My dad and mom did family living seminars throughout the country for several years. They would arrive at a church on Sunday. Dad would speak in the morning and evening and then each evening after that for the next week. Often nothing was happening during the day and there they were … in a town miles away from home. That’s when they became interested in brass antiques, specifically scales. The “hunt” through antique shops provided something interesting for them to do as they explored the town.
Sometimes, however, they would find some other brass gem. That’s how the gong showed up at their house. For a long time, it sat on their coffee table, ready to be bumped into by anyone who walked by … especially by our kids who were young and energetic.
The gong’s sound was similar to fingernails on a chalkboard and although, there are less chalkboards around now these days, I think most of us can bring to memory what that sounds like.
From the very beginning that gong reminded me of 1 Corinthians 13:1 —If I speak in the tongues of men and of angels, but have not love, I am a noisy gong or a clanging cymbal.
Wow! And aren’t most of us good speaking with polite, sincere language, even when we’re thinking something very different inside?
I remember a situation that illustrates this point perfectly. A co-worker was talking to me, totally ripping apart a mutual acquaintance. She said he did his job stupidly, wasn’t too bright, and bugged her to death. Before I could change the subject, the acquaintance himself walked by and her demeanor instantly changed. “Oh, hi, Herbert.

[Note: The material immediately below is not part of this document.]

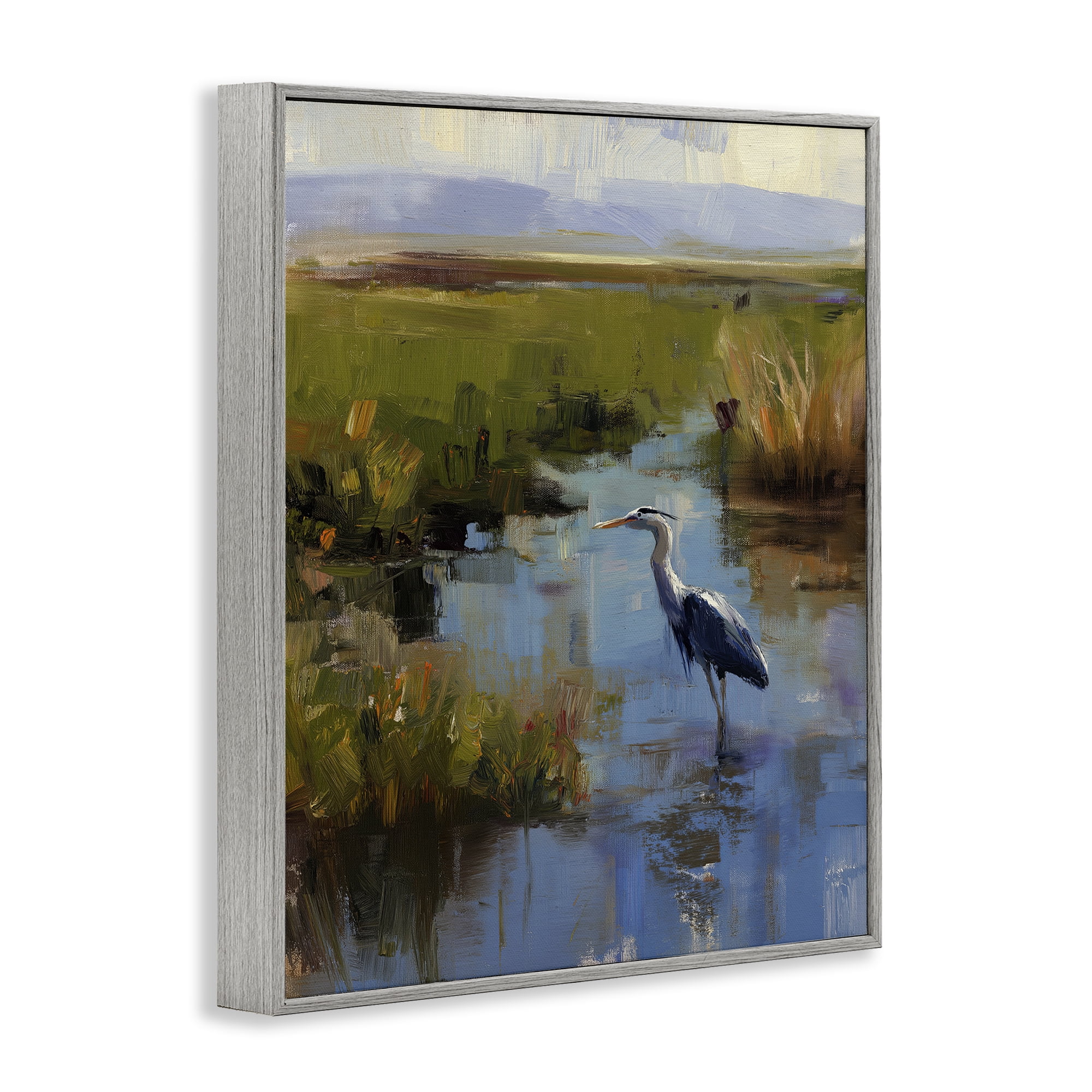 Stupell Industries Bird Among The Reeds Gray Framed Giclee Art, design by Svetlana Aleynikova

I’ve missed seeing you around. How’s your wife?” I looked at the big smile on her face with astonishment.What was coming out of her mouth was NOT what she was thinking.
We need to teach our children that true, Christ-centered love is not only what we say, but what’s in our hearts.
When our children pretend to like a classmate because they know she’s having a super-duper birthday party and wants to be invited.
When our children sweetly lie to us about what they did at their friend’s house and it’s only later you find out the trouble they caused.
When our children convincingly explain to a teacher that they didn’t get their homework done because the family was too busy the night before — even though it was more like they wasted the evening fighting with their brother.
These are the moments when what they’re saying doesn’t match up with what’s in their hearts and minds. (And like my co-worker, we as adults are even more adept at doing this.) We can’t pretend to have Christ-centered love for each other by what we say, when we’re those words are a facade for unkindness, untruthfulness, and manipulataion. We are like noisy gongs.
Speaking of that gong.
Last week we were cleaning out the attic over the garage and guess what showed up? The gong. And again I immediately thought about 1 Corinthians 13 and how our pseudo-sweet words are like that clanging instrument.
I couldn’t find the stick you hit it with, but the knife worked and the resulting sound was just as ear-shattering as ever.
So listen to this aggravating, annoying, headache-producing gong (or play it for your kids) and think about the truth beneath your words.